Foot Health & Restoration
Foot health and restorative concepts should not just be relegated for athletes coming off an injury but seen as a key supporting component for all other training applications. I develop this around three central pillars- mechanical, fluid, and pain restrictions. While there are an abundance of specific options and applications, I tend to get the most value from using some combination of manual/massage work, compression-decompression mechanisms, and isolated strength/mobility applications. The ultimate goal with foot-ankle restoration is re-establishing proper viscoelasticity in the tissues, and this process often requires a wider range of inputs than conventional training alone.
Check out our full restoration playlist here: Foot-Ankle Series
The most important realization for coaches is to not be reactive with restorative options, this is something we want to stay ahead of and see very much as a part of the regular training process. From a physiological standpoint, the circulation and fluid dynamics are significant, as the foot is predisposed to compromised blood flow due to the poor venous return. Compromised fluid dynamics becomes amplified with bigger athletes or those who have poor health/nutritional habits. Addressing foot-ankle circulation is essential for several reasons, but namely driving oxygen and nutrient rich blood to tissues that biologically have poor vascularity. Moreover, proper fluid dynamics (i.e., lymphatic fluid, synovial joint fluid, hyaluronic acid within fascial layers) is also critical for promoting proper joint motion and tissue glide. For improving fluid dynamics and circulation compression mechanisms such as NormaTec’s or Voodoo Floss, and decompression mechanisms such as cupping have been very valuable for me.

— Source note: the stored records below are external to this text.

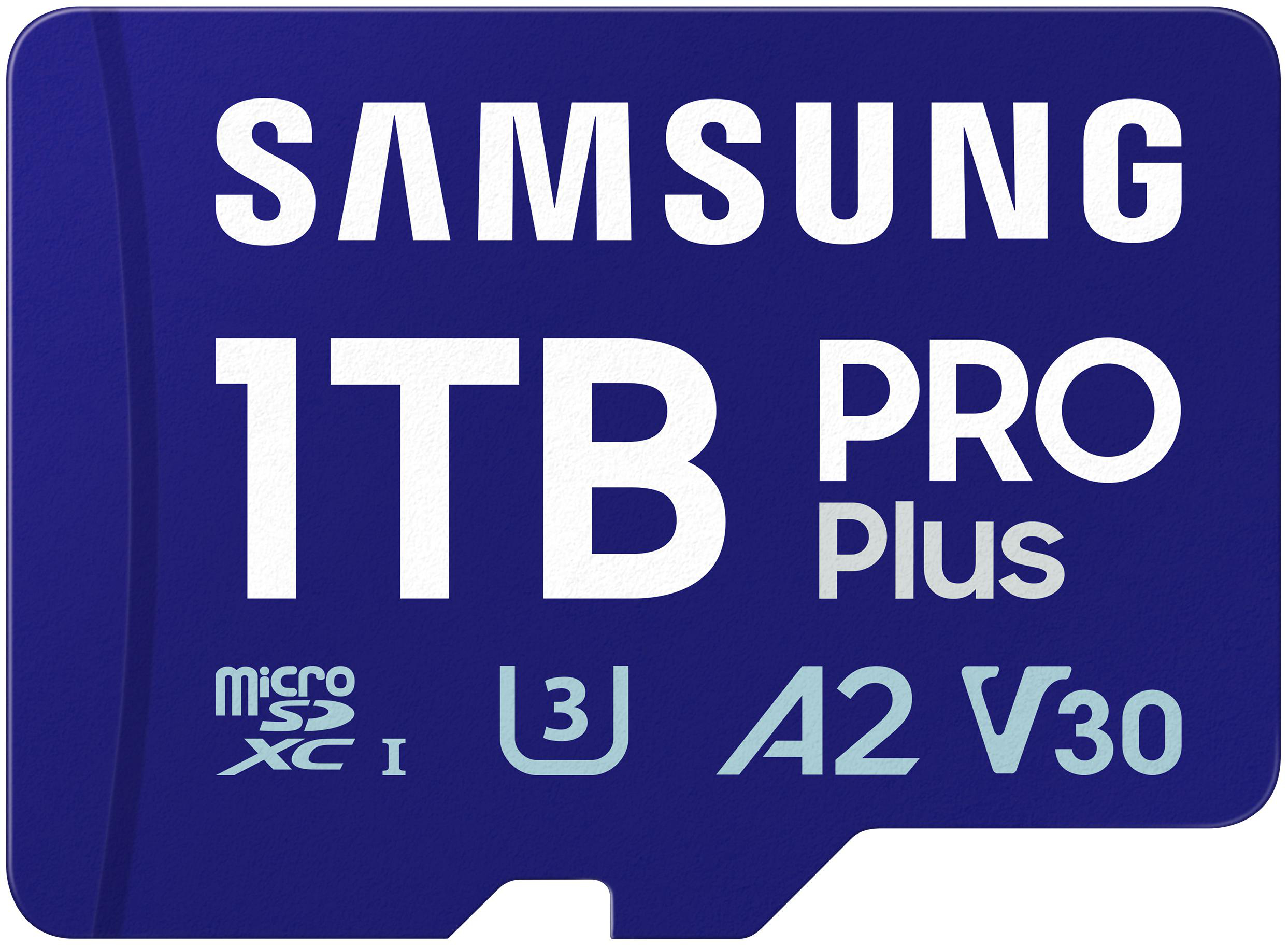 Blaue Samsung 1TB PRO Plus MicroSD-Karte mit weißem Text.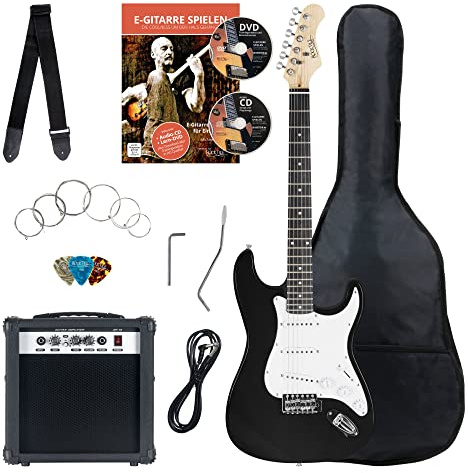 Rocktile Banger's Pack Komplettset E-Gitarre Schwarz (Verstärker, Tremolo, Tasche, Kabel, Gurt, Plecs, Ersatzsaiten und Schule mit CD/DVD)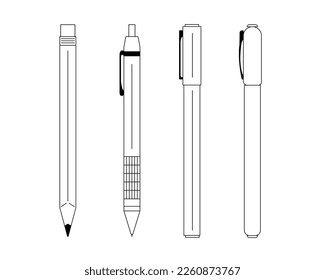 Pencil and pen icons set. Vector illustrator. Simple outline writing tools.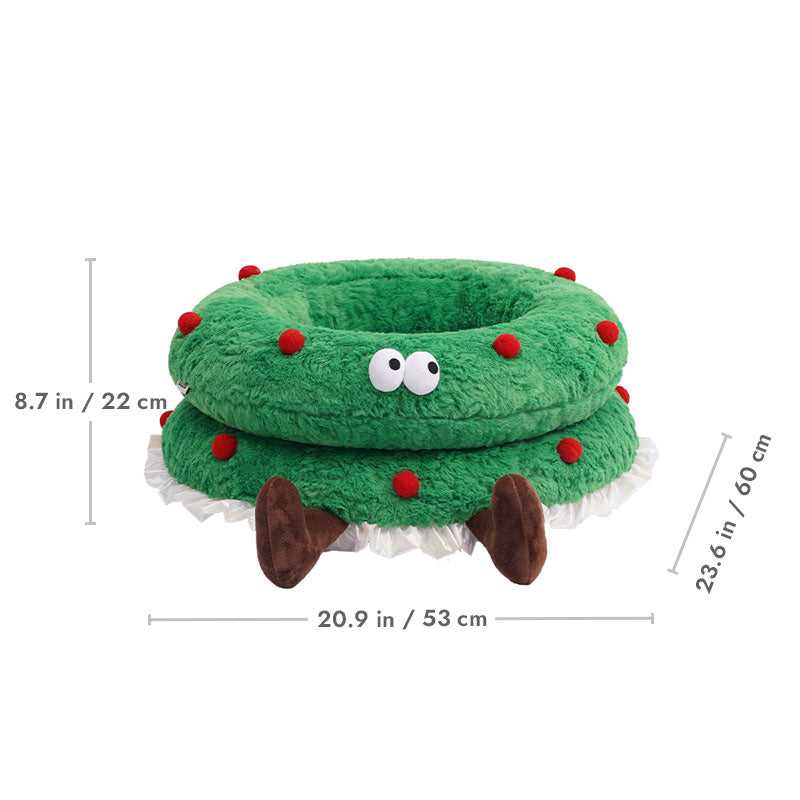 Christmas Wreath Shaped Cat Bed with size dimensions 20.9 x 23.6 x 8.7 inches, ideal for cats during the holiday season.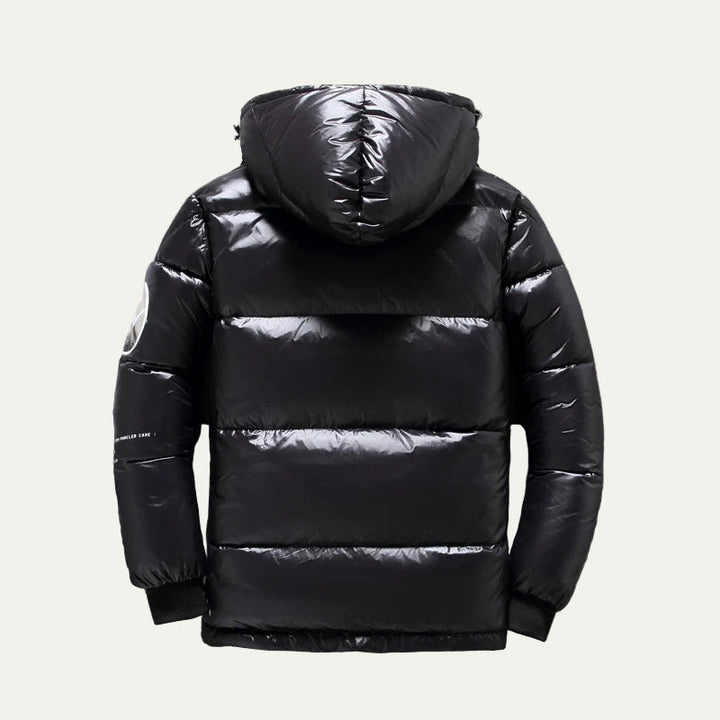Mens Hooded Puffer Jacket Glossy Finish Multi Pockets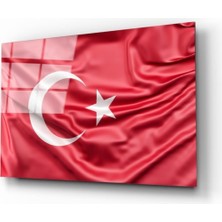 Miraaxx Türk Bayrağı Kırmızı Cam Tablo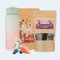 fitvia Teeset Balanced Boost Collection I 500ml Flasche Pastel Rosa-Blau, 2x loser Tee I 85g Schwarzteemischung Waldbeere, 100g Früchtetee Apfel-Mandarine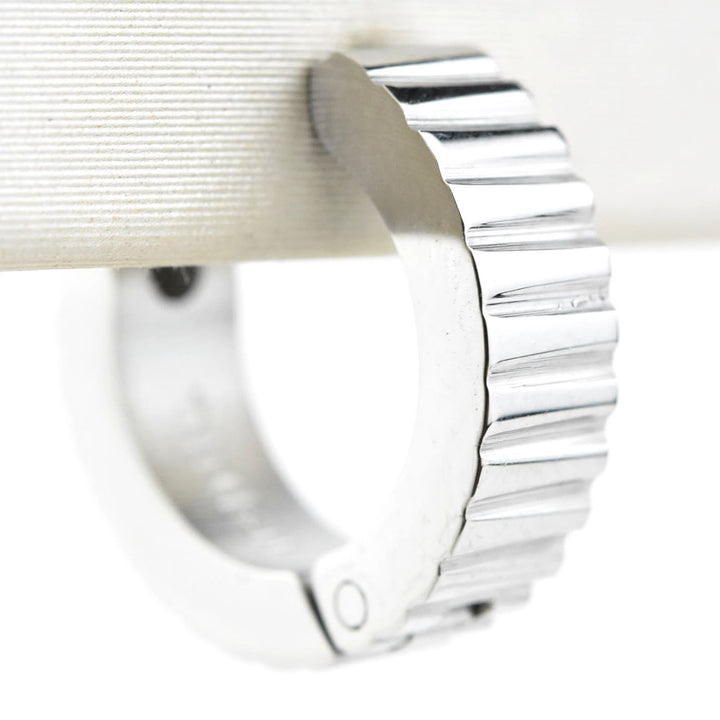 Textured Chunky Huggie Hoops - Goldmakers Fine Jewelry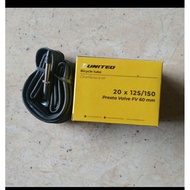 Folding bicycle inner tube 20 x 1.25 1.35 1.50 20x1.25 20x1.50 125 150 UNITED 406 small valve presta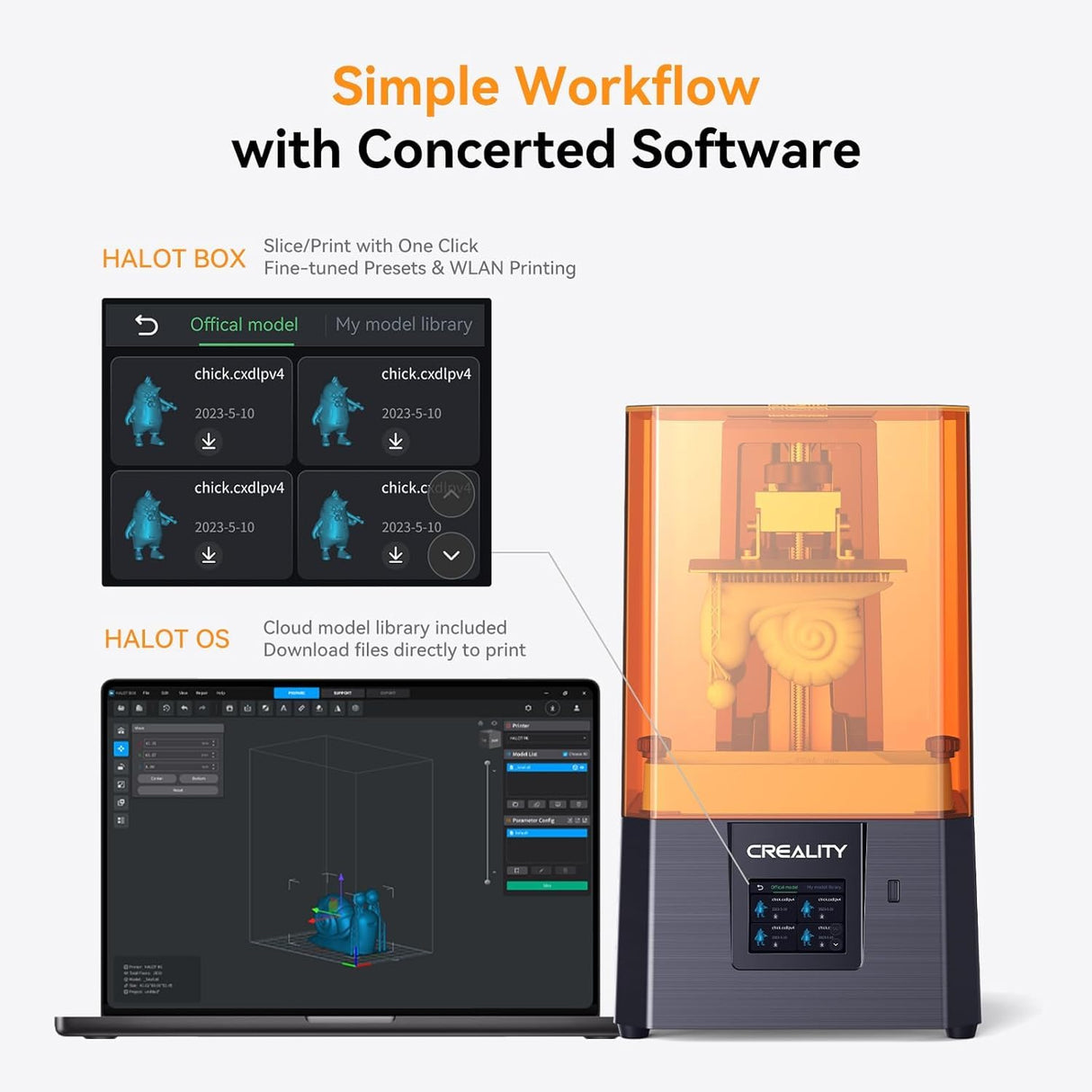 Creality Resin 3D Printer for Kids and Beginners, HALOT R6 Fully Assembled, Upgraded Light Source with High-Precision Printing, LCD Monochrome Screen Simple Workflow 3D Resin Printers Creality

The soft tissue modulation is another critical modality for foot-ankle health, and one that again we cannot see as a reactionary intervention following pain or injury. Maintaining proper soft tissue care helps to keep athletes feeling fresh while also promoting a better opportunity for stress (load) to be applied. I see the manual concepts as primarily “creating a transient optimal window for load to be applied” by stimulating local mechanoreceptors which “alert” tissues of preparing for stress. This is obviously somewhat limited for coaches depending on your credentialling and support staff, but there are several ways this can be incorporated. Novelty certifications such as RPR and BeActivated have been tremendously beneficial for me and offer ways to apply soft tissue modulation that isn’t violating scope of practice. While these types of certifications are valuable, they are not a necessity. Alternatively, coaches should always do what they can to develop a strong professional network, so you have the ability to refer out to when necessary.
·Understand the anatomy and mechanics of the foot-ankle complex
·Athletes should have portions of their training performed barefoot. Warm-up and accessory blocks are easiest for implementation.
·Foot strength should be developed from four foundations- proprioception, intrinsic strength, compliance, elasticity.
·Foot injuries can often be the result of a “cascade effect” in which several small problems create one big problem.
·Foot restoration should be developed around pain, mechanical, and circulatory restrictions. Restoration should also not be applied retroactively but rather built into the standard process.
·Foot and ankle injuries and deficits should not be taken lightly and addressed with multiple modalities/applications.